▶ **WORK TO COMPLETE**
Every entry that follows must be written out exactly, apart from its pictures.

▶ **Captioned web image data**
====
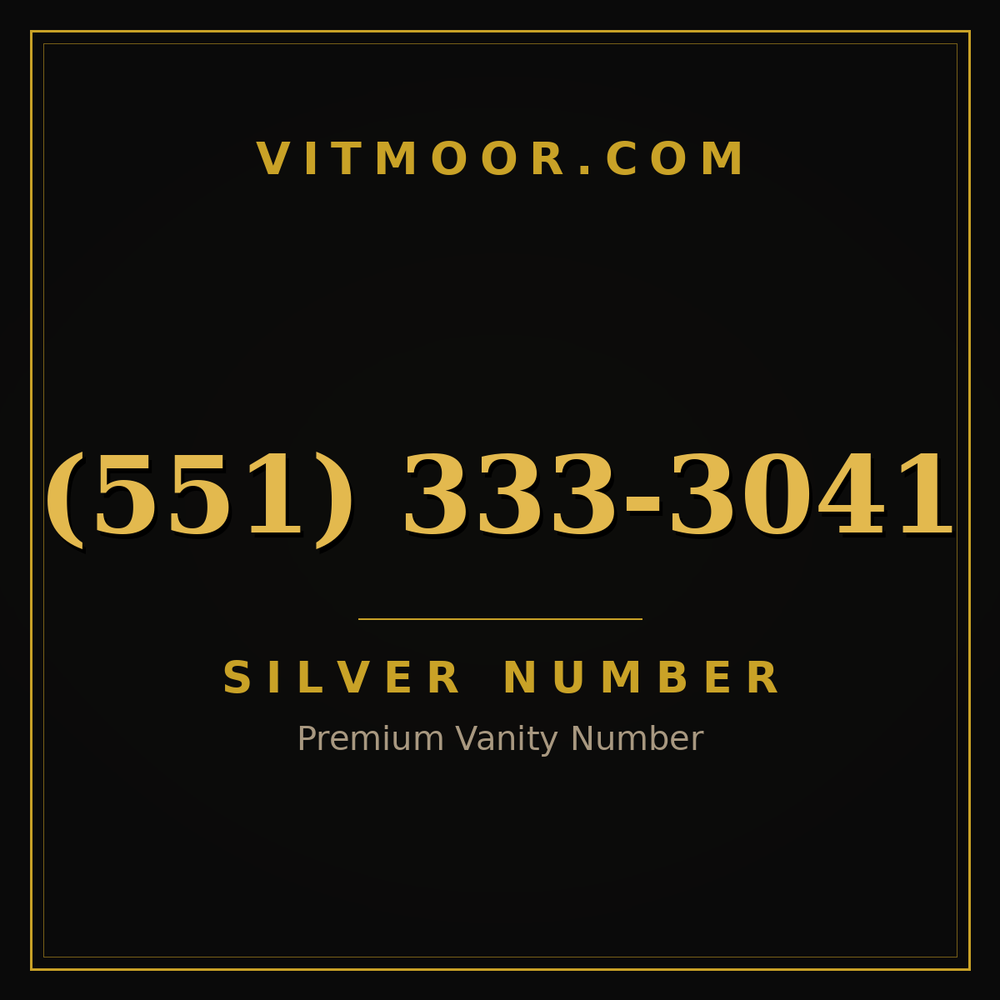 551 333-3041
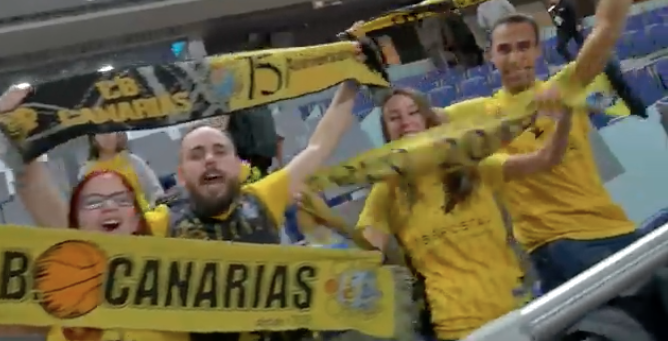 El vídeo de Iberostar Tenerife en la Copa del Rey que te enamorará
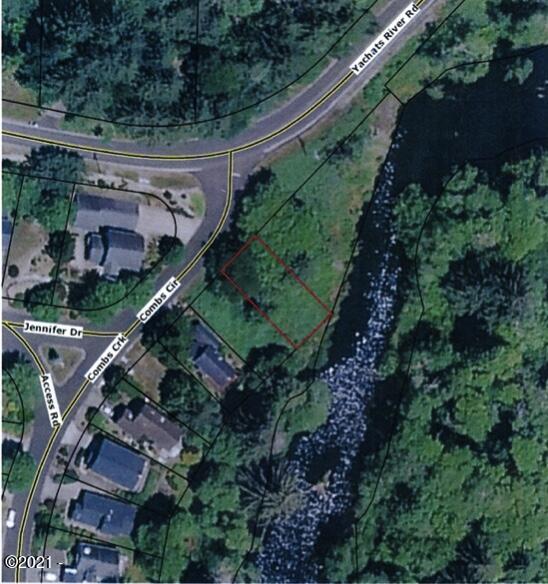 200 Combs Circle Yachats, OR 97498 - Photo 12 of 12 Aerial Lot 300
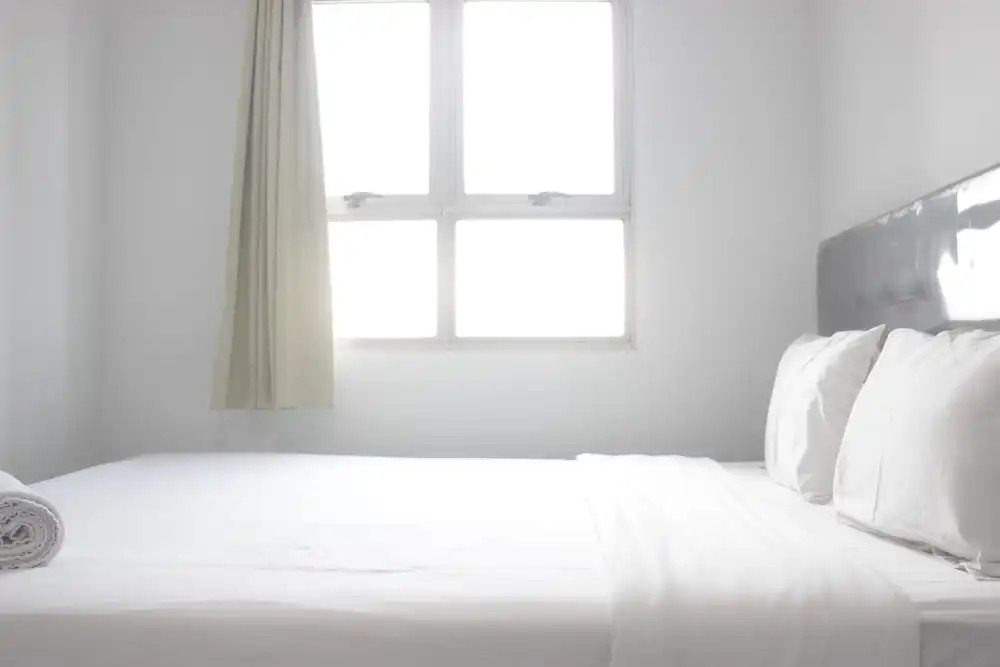 Бандунг: Comfy 2BR at Mekarwangi Square Cibaduyut Apartment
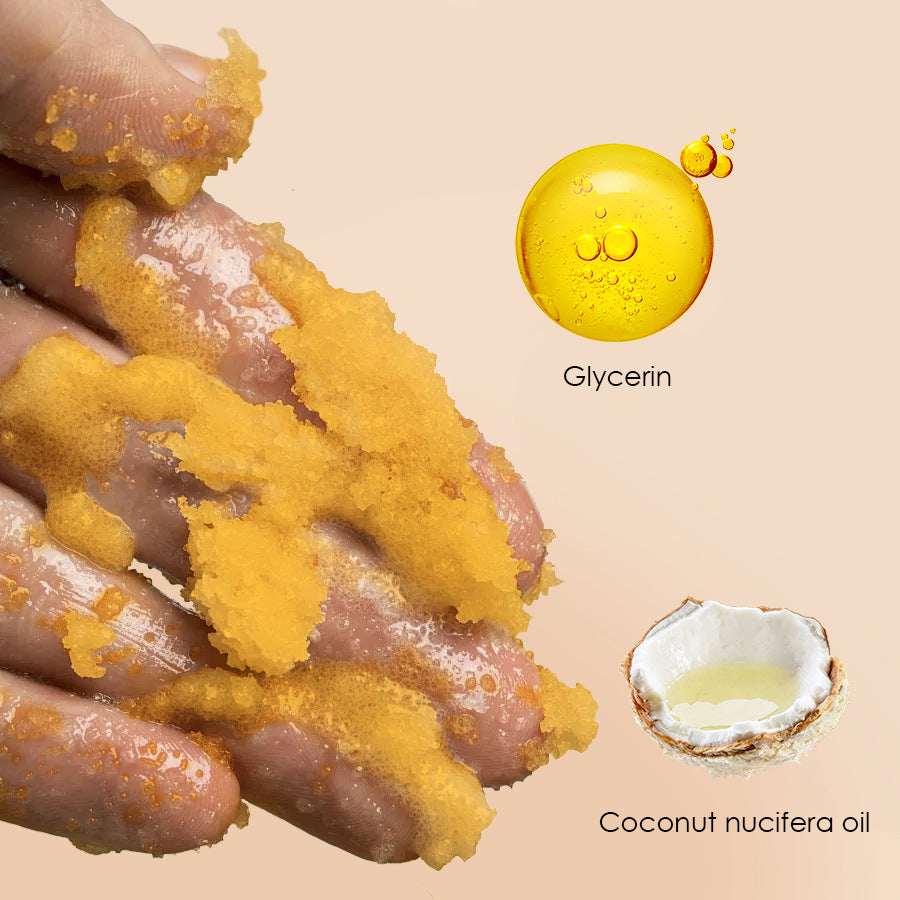 Turmeric Scrub Body Cleanser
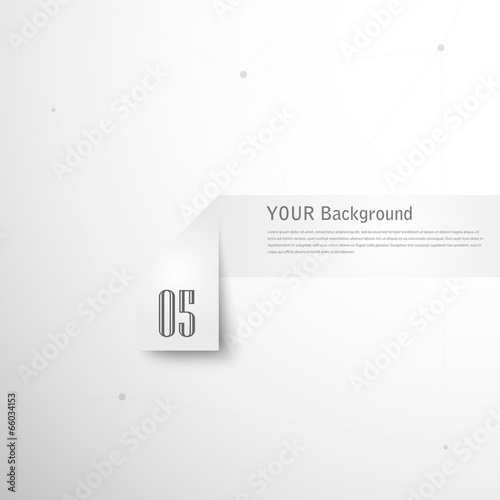 Set of blank rectangle labels. acute corners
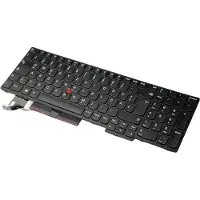 Trade-Shop Original Laptop Notebook Tastatur Keyboard Deutsch QWERTZ für viele IBM Lenovo ThinkPad Laptops wie E580 L580 / mit Hintergrundbeleuchtung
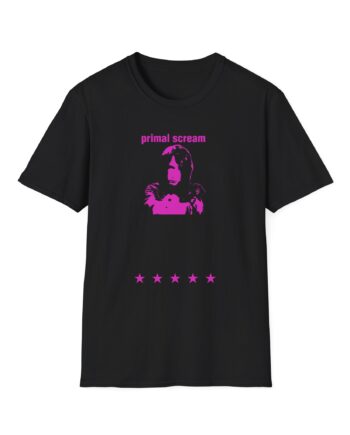 Primal Scream Loaded Unisex Softstyle T-Shirt
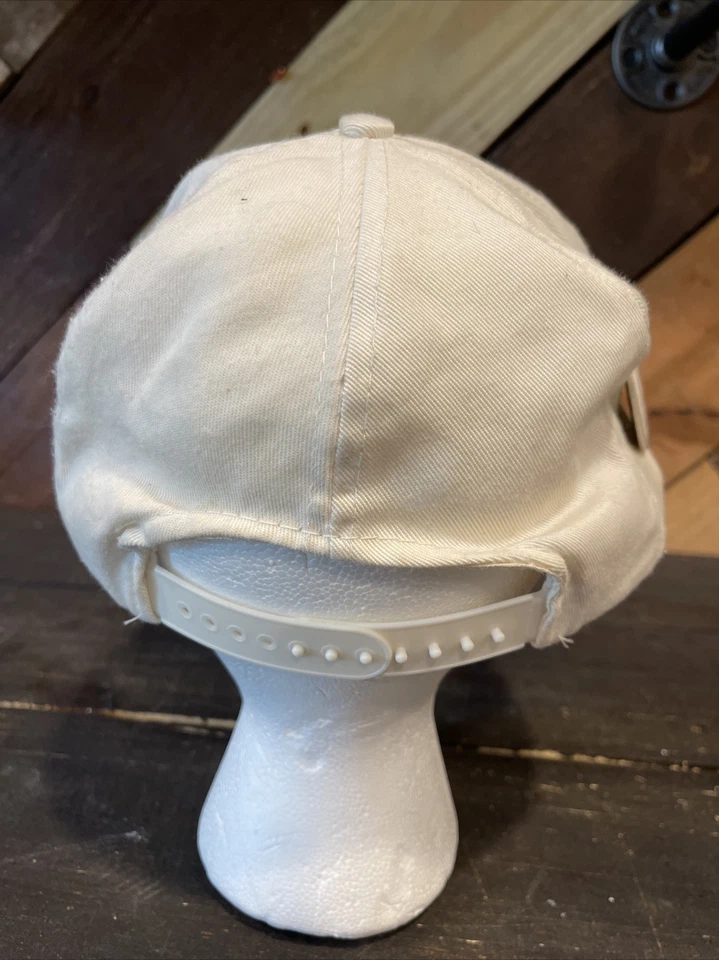 Cincinnati 1988 MLB All-Star Game Cap Snap Back Cincy Baseball Reds White W/ Pin - Image 4 of 4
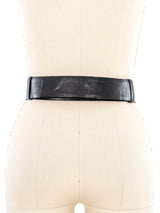 Judith Leiber Elephant Buckle Belt Accessory arcadeshops.com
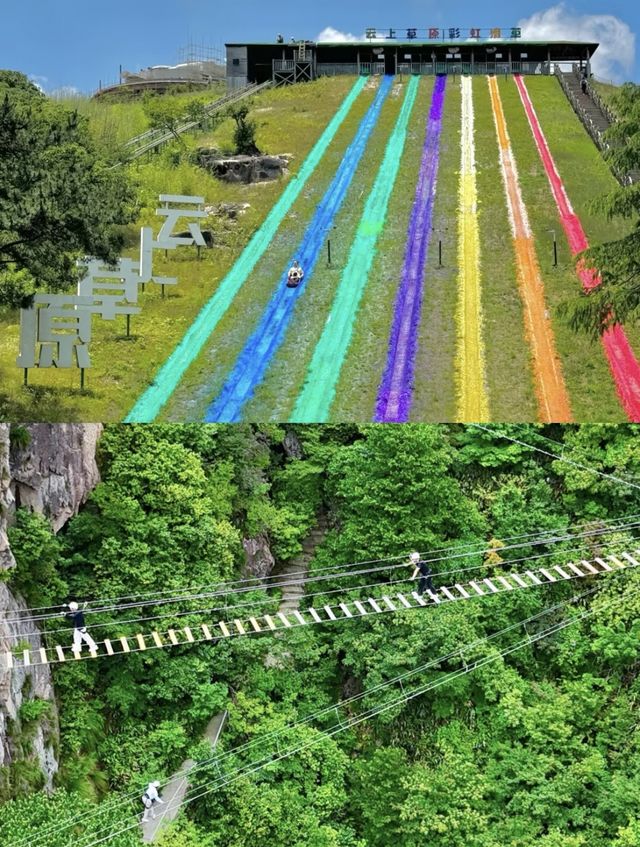 江浙滬新晉頂流！安吉雲上草原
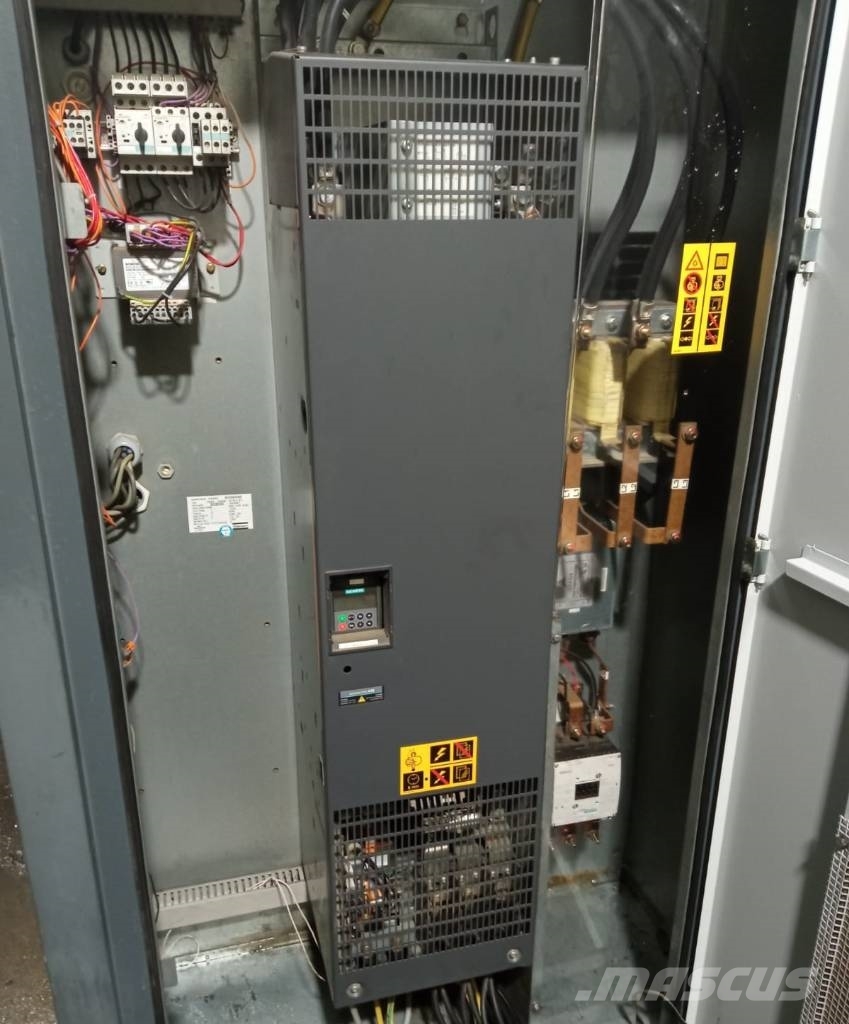 Atlas Copco GA75 VSD Kompressoren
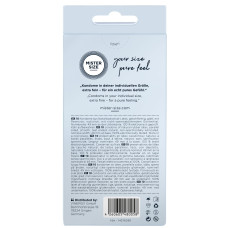Mister Size – pure feel – 49 (10 condoms), толщина 0,05 мм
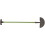 Garden Lawn Edging Tool, Half Moon Edging Hand Tool Carbon Steel Edger 1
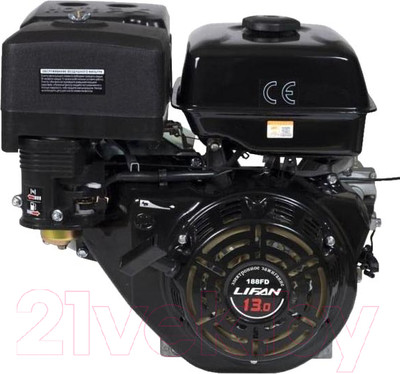 Двигатель бензиновый Lifan 188FD D25 18А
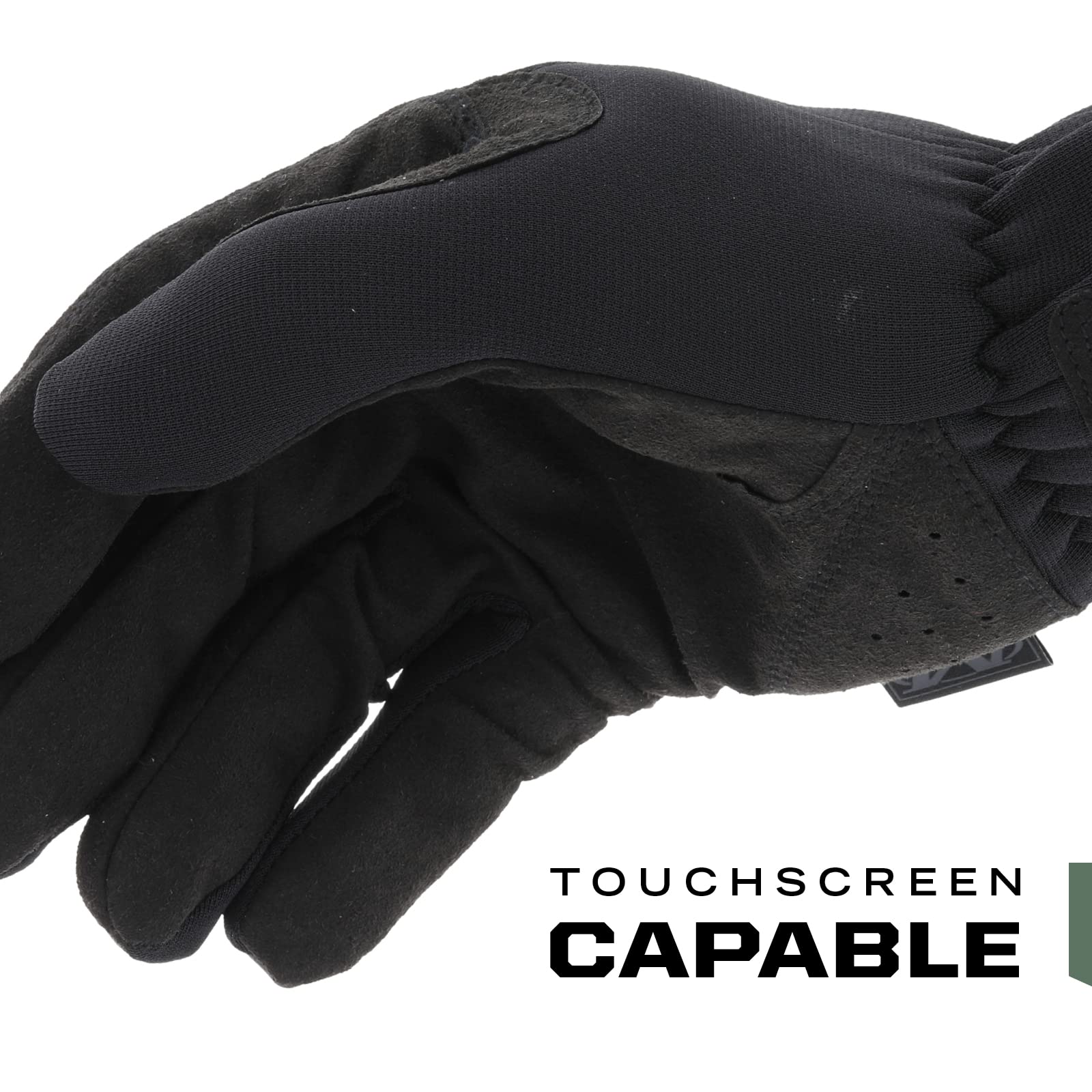 mechanix-wear-fastfit-covert-handschuhe-l-schwarz-touchscreen image 2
====
▶ **COMPLETED EXERCISE**
 551 333-3041
 El vídeo de Iberostar Tenerife en la Copa del Rey que te enamorará
 200 Combs Circle Yachats, OR 97498 - Photo 12 of 12 Aerial Lot 300
 Бандунг: Comfy 2BR at Mekarwangi Square Cibaduyut Apartment
 Turmeric Scrub Body Cleanser
 Set of blank rectangle labels. acute corners
 Trade-Shop Original Laptop Notebook Tastatur Keyboard Deutsch QWERTZ für viele IBM Lenovo ThinkPad Laptops wie E580 L580 / mit Hintergrundbeleuchtung
 Primal Scream Loaded Unisex Softstyle T-Shirt
 Cincinnati 1988 MLB All-Star Game Cap Snap Back Cincy Baseball Reds White W/ Pin - Image 4 of 4
 Judith Leiber Elephant Buckle Belt Accessory arcadeshops.com
 江浙滬新晉頂流！安吉雲上草原
 Atlas Copco GA75 VSD Kompressoren
Mister Size – pure feel – 49 (10 condoms), толщина 0,05 мм
 Garden Lawn Edging Tool, Half Moon Edging Hand Tool Carbon Steel Edger 1
 Двигатель бензиновый Lifan 188FD D25 18А
 mechanix-wear-fastfit-covert-handschuhe-l-schwarz-touchscreen image 2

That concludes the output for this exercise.